The session – related to the committee’s inquiry into the security of 5G – considered the international response to the UK government’s decision to allow Huawei to continue to operate in its 5G network and assess approaches to 5G and cyber security from across the Five Eyes alliance, the association of intelligence agencies from Australia, Canada, New Zealand, the US and the UK.
The session examined the implications of the government’s decision for information sharing across the alliance and discussed prospects for a western vendor of 5G. It also took a broader look at China’s international ambitions and the role of 5G and technology within this, specifically focusing on cyber attacks and the so-called Digital Silk Road.
Talking to the committee of MPs by video link, Cotton stressed that he was giving evidence in a personal capacity and not on behalf of the US government, yet made a blunt attack on the technology supplier and its alleged links to its home country’s intelligence services, that he feared China was “attempting to drive a hi-tech wedge” between the US and the UK using Huawei.
Acknowledging the earlier decision of the UK government to restrict the use of Huawei technology to the radio access network only, Cotton said technical experts in the US and in other friendly countries disagreed with the UK’s assessment.
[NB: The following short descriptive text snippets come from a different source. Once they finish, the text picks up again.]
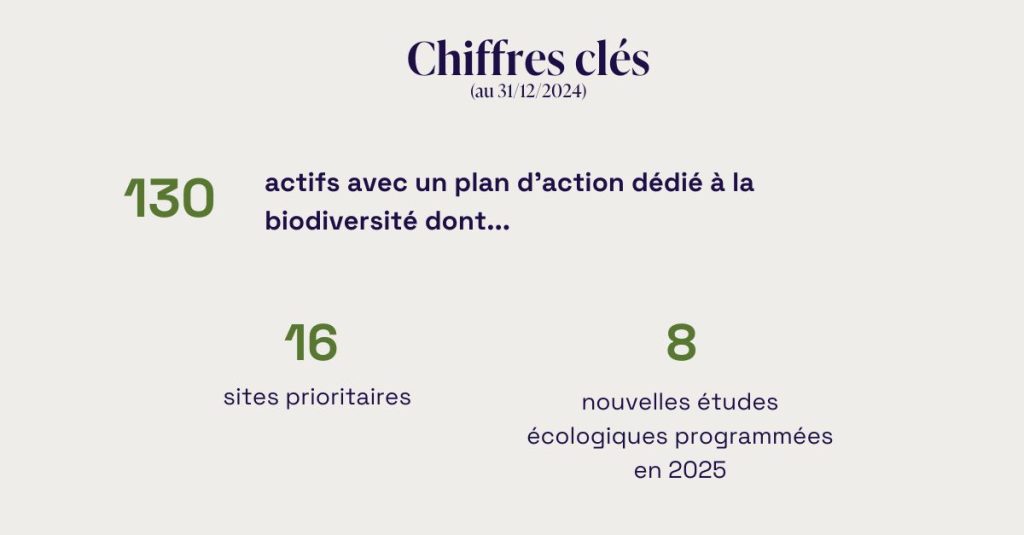biodiversité, scpi rapport extra financier epargne pierre europe
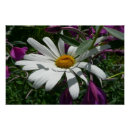 Recherche de fireweed posters Alaska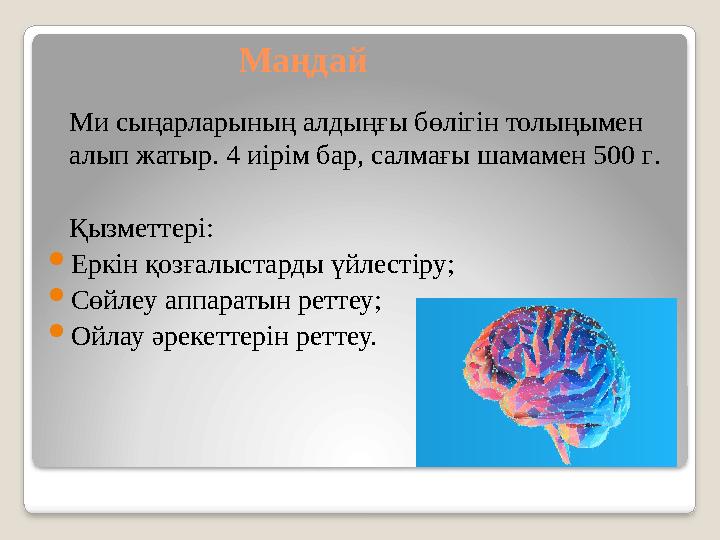 Маңдай Ми сыңарларының алдыңғы бөлігін толыңымен алып жатыр. 4 иірім бар, салмағы шамамен 500 г . Қызметтері:  Еркін қозғалыс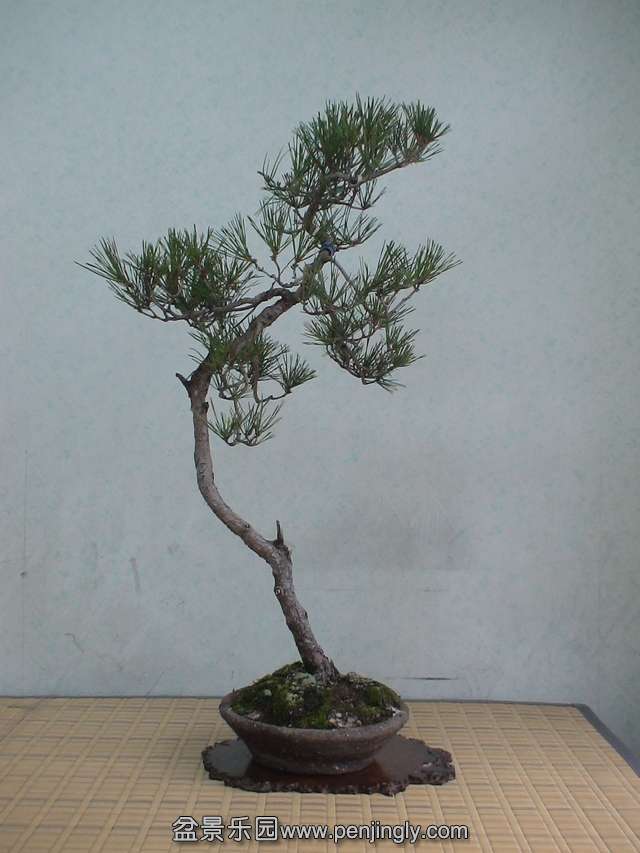c0042153_12433616.jpg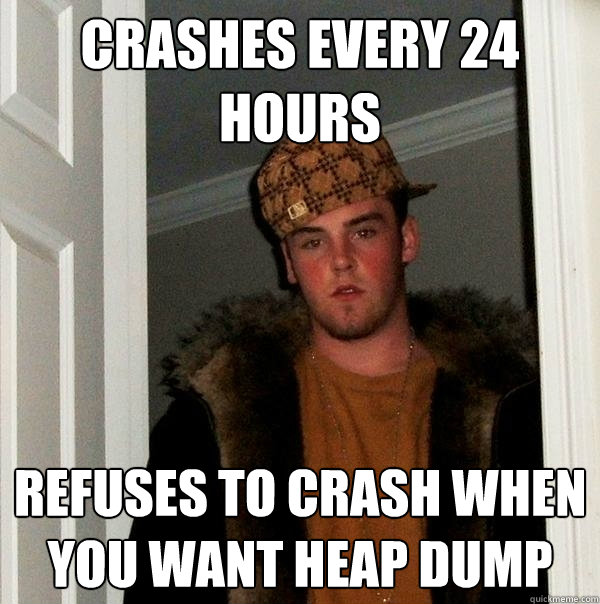Crashes Every 24 hours Refuses to crash when you want heap dump - Crashes Every 24 hours Refuses to crash when you want heap dump  Scumbag Steve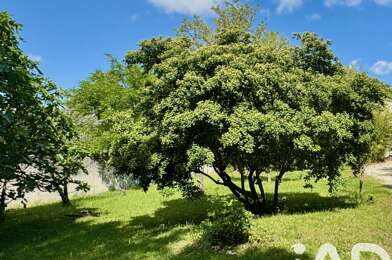 Terrain  179500 €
The same experts had warned that China could use Huawei to obtain a host of damaging information, such as how air crews fly, to intrusive personal information.
US senator Tom Cotton
He added that the deployment of Huawei in UK 5G phone networks would have been the equivalent of allowing Warsaw to build submarines for western nations during the Cold War, and that snooping technology embedded within Huawei network equipment would allow access to sensitive government documents.
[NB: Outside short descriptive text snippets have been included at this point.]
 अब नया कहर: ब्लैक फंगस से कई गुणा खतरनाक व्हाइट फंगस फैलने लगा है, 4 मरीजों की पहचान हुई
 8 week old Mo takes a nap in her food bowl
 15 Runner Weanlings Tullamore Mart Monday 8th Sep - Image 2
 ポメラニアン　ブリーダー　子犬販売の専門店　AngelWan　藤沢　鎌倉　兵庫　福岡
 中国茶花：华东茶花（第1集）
Broadening his attack to Chinese suppliers in general, he said: “5G is such a technological leap beyond 3G and 4G technology; it is so central to the way that economies will function in the future and in the way that our countries will secure ourselves that I believe using Huawei technology, using ZTE technology, using any technology from a company that is beholden to the Chinese Communist Party would be as if we had relied on adversarial nations in the Cold War to build our submarines or to build our tanks. It’s just not something that we would ever have considered. There are certain technologies that are so sensitive and so integral and vital to our prosperity and security we would never use an adversarial nation for that technology.”
Going forward, Cotton said the UK could reject Huawei 5G technology and “go down another path” and join other “powerful, free” nations and develop a 5G solution that does not empower Chinese intelligence. The senator welcomed reported moves by the UK away from Huawei technology and potential US/UK cooperation in these matters.
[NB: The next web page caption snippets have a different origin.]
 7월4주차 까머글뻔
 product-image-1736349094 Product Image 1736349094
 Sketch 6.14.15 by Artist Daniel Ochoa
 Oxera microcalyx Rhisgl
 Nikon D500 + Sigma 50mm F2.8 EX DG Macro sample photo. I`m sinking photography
Responding to the senator’s comments, Huawei said it was clear it was market position, rather than security concerns, that was underpinning America’s attack on Huawei as the committee was given no evidence to substantiate security allegations.
“[The] committee concentrated on America’s desire for a home-grown 5G company that can ‘match’ or ‘beat’ Huawei,” said Huawei vice-president Victor Zhang. “We welcome open and fair competition as it fosters innovation and drives down costs for everyone. Over the last 20 years, we have worked hard with our customers and partners for building Britain’s robust and secure 3G and 4G networks, and we are now focused on delivering the 5G network to the same high standards. This is fundamental to achieving the government’s gigabit broadband target by 2025.”